AIM OF THE TASK: Starting at the line with "Cotton embroided three piece suit image 0" and ending at the line with "25595 Highland Road, Richmond", print exactly the lines of the entries below. Pictures do not belong in the copy.

DATA EXTRACT:
----
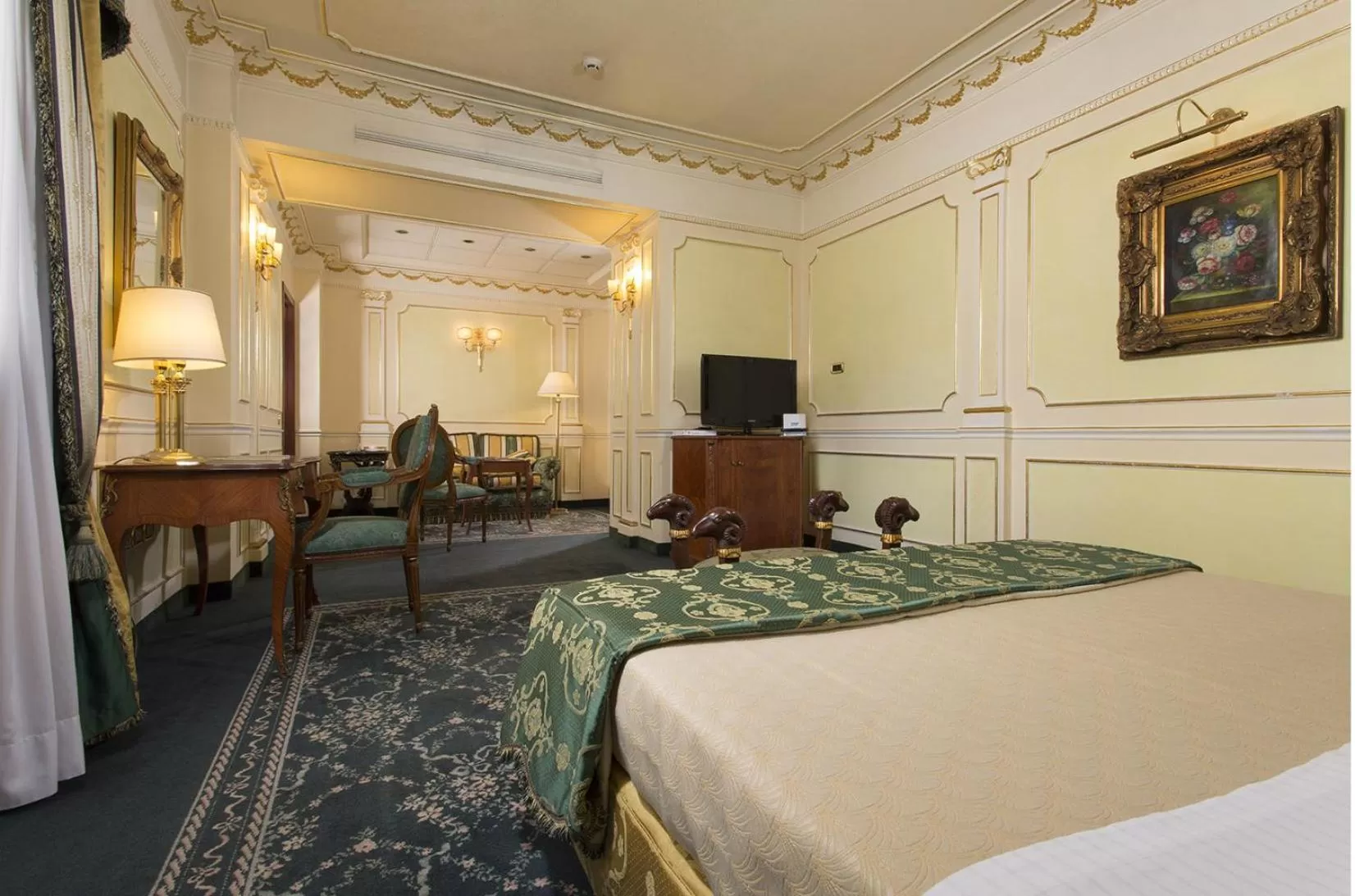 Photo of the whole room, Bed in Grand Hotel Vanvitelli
----
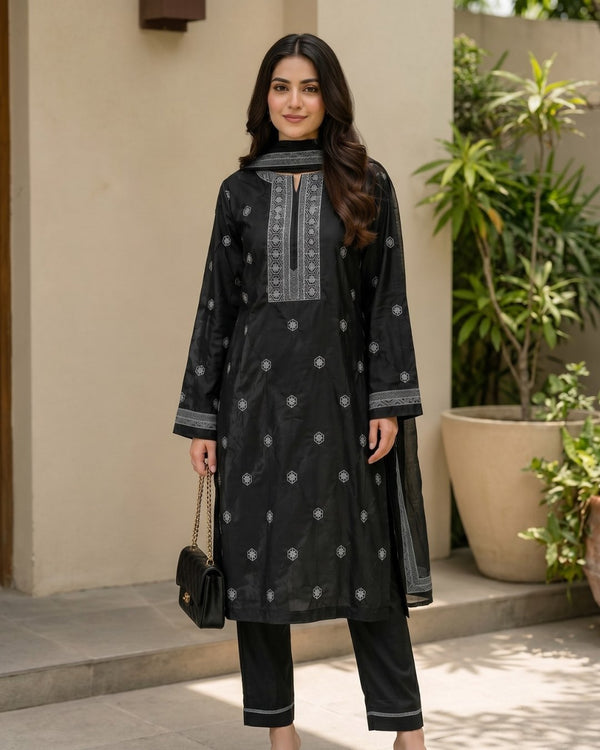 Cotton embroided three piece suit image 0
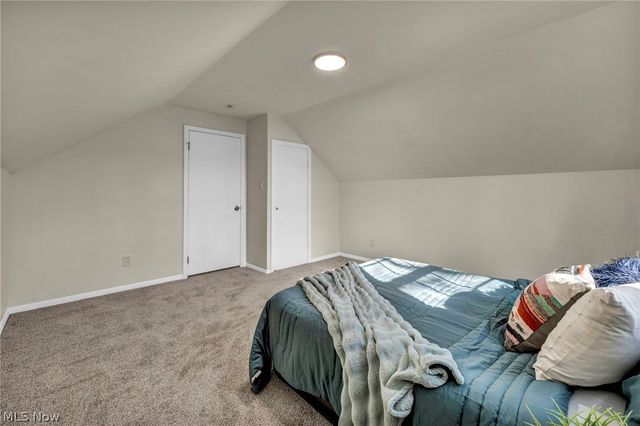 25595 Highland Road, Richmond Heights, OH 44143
----
RESULT OF THIS TASK:
 Cotton embroided three piece suit image 0
 25595 Highland Road, Richmond Heights, OH 44143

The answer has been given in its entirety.